They call me whenever they need a gora, says Luke Kenny

They call me whenever they need a gora, says Luke Kenny

Luke Kenny

Mumbai-based Kenny who is of British-Italian parentage, said that he has made a conscious decision to stay away from stereotypical roles.

"The industry tends to quickly stereotype people and whenever there was the role of a white guy, a angrez police officer or something like that, I would be called up because of the way I look. The industry sticks with the stereotypes and is quick to put you in a box.

"Thankfully those days are slowly dying down and I have a few interesting projects in the pipeline, which will be out by next year." Kenny told PTI in an interview.

Meanwhile the actor has gone back to his first passion, music, and is hosting the show 'Rolling Stones' on NDTV Imagine which profiles bands and musicians.

"We are doing a show on U2, which will be aired this Sunday. The world first came to know of the band in 1987 with 'Joshua Tree' but I sort of have a upper hand here because I had been listening to them since 1984 when they came out with 'Unforgettable Fire'," said Kenny who was one of the founding editors of the Indian edition of 'Rolling Stones' magazine.

But India's first celebrity DJ laments the lack of TV shows that offer international music.

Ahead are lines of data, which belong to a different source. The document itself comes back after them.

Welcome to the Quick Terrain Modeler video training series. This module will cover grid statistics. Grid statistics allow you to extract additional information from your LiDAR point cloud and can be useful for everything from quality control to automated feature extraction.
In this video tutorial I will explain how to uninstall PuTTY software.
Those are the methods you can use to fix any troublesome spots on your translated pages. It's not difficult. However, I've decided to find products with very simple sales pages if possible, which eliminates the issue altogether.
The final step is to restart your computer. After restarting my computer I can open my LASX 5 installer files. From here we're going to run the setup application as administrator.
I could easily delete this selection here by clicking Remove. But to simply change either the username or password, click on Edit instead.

"The so called music channels are either all about Bollywood film promos or pure reality TV. There is a huge void for programming which caters to people who want to listen to genres other than filmi music," said Kenny adding that Bollywood is gradually waking upto the popularity of rock.

"Bollywood and rock go a long way back. RD Burman borrowed heavily from rock all through the 70's. And there is this popular notion that rock is mere noise created with guitars and drums. That's not true and Bollywood is gradually realising that because as one of the most popular mediums in the country they have to take into account the choice of the people," said Kenny  who began his career in showbiz as a choreographer with Arshad Warsi.

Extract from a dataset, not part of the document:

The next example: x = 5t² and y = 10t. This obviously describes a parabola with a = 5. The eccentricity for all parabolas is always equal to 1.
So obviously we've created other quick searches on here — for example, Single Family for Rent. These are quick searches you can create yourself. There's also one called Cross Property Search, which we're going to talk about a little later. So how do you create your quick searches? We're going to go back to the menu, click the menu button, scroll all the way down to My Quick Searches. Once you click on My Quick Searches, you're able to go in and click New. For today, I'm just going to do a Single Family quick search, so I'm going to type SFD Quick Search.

Spotted at a college dance competition, he joined Arshad Warsi's dance team as a dancer and became an associate choreographer. While DJ-ing at a party he was spotted by people from Channel V and  became the  first Indian VJ on the music channel.

And after having tried his hand at singing, anchoring and acting, Kenny then turned to direction after deciding that he wanted to find a new outlet for his creativity.

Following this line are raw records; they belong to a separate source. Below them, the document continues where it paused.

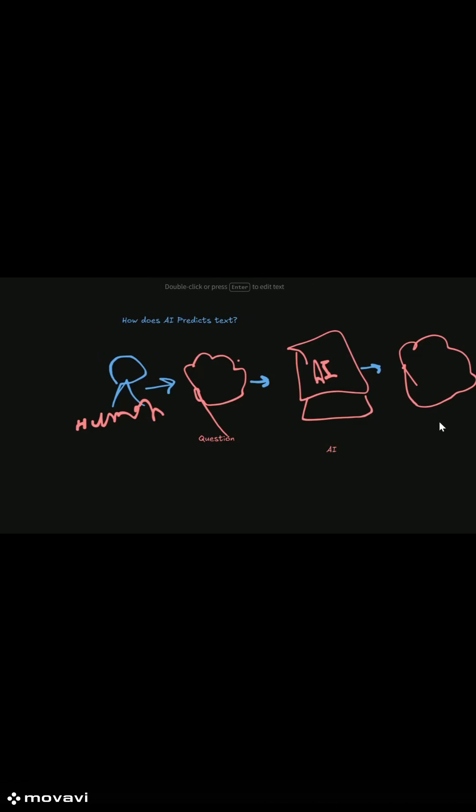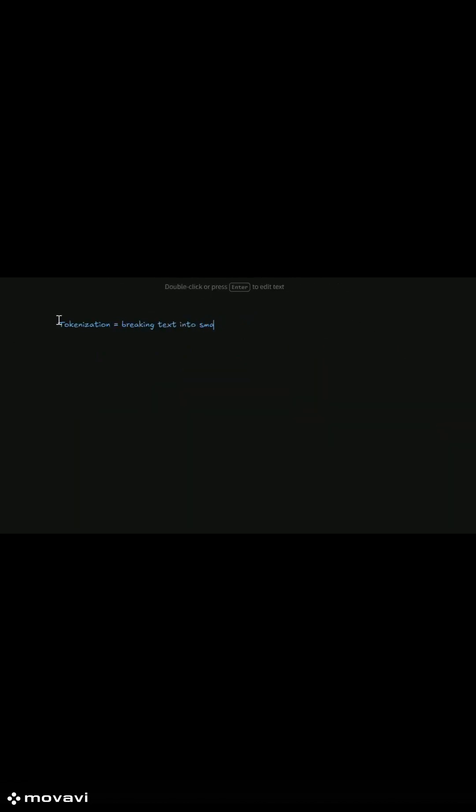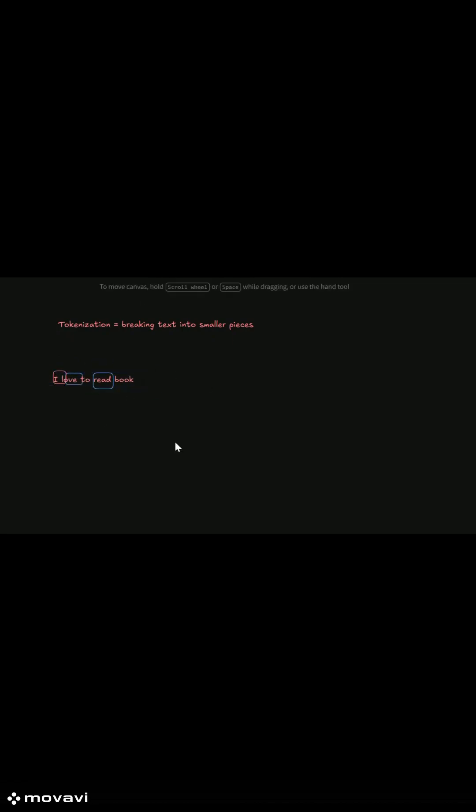Tokenization simply means splitting a sentence into smaller units called tokens. These tokens can be words, subwords, or even characters. Take the sentence, I love pizza. A tokenizer might convert it into I, love, pizza. Each of these pieces is a token.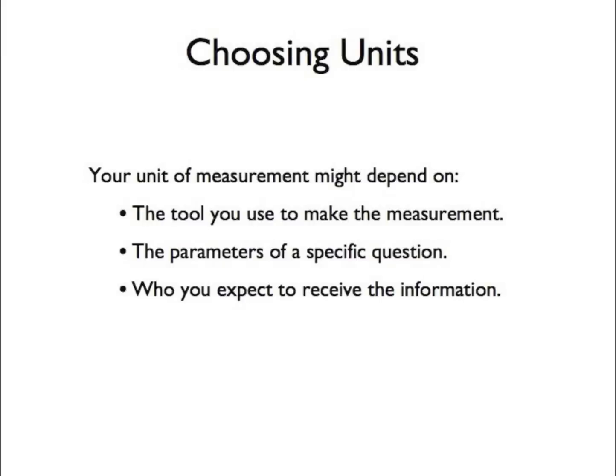It is often simply a matter of experience to know which units are the best to use in a given situation. But as long as you include units with your measurement, other people will be able to understand it.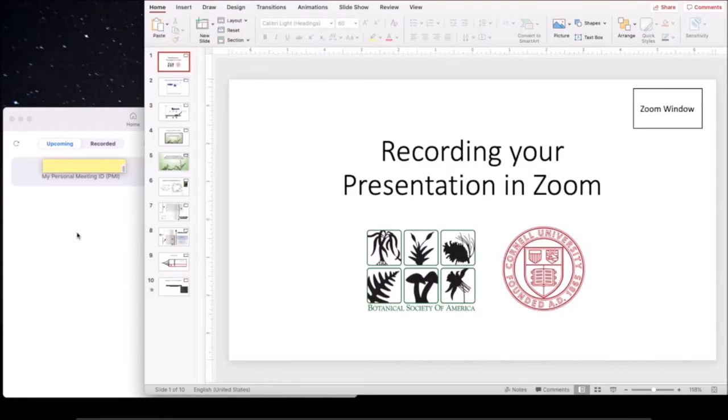Hi, I'm Heather, and today I'm going to show you how to use Zoom to record your presentation online.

"I have always wanted to do things never done before so at a certain point I decided that I wanted to direct a film. So I made this movie 'Thirteenth Floor'. It was shot digitally with just two characters in an elevator. It is not impossible to make an out of the box  film without any financial backing," said Kenny who is currently travelling to various cities to showcase the film to niche audiences.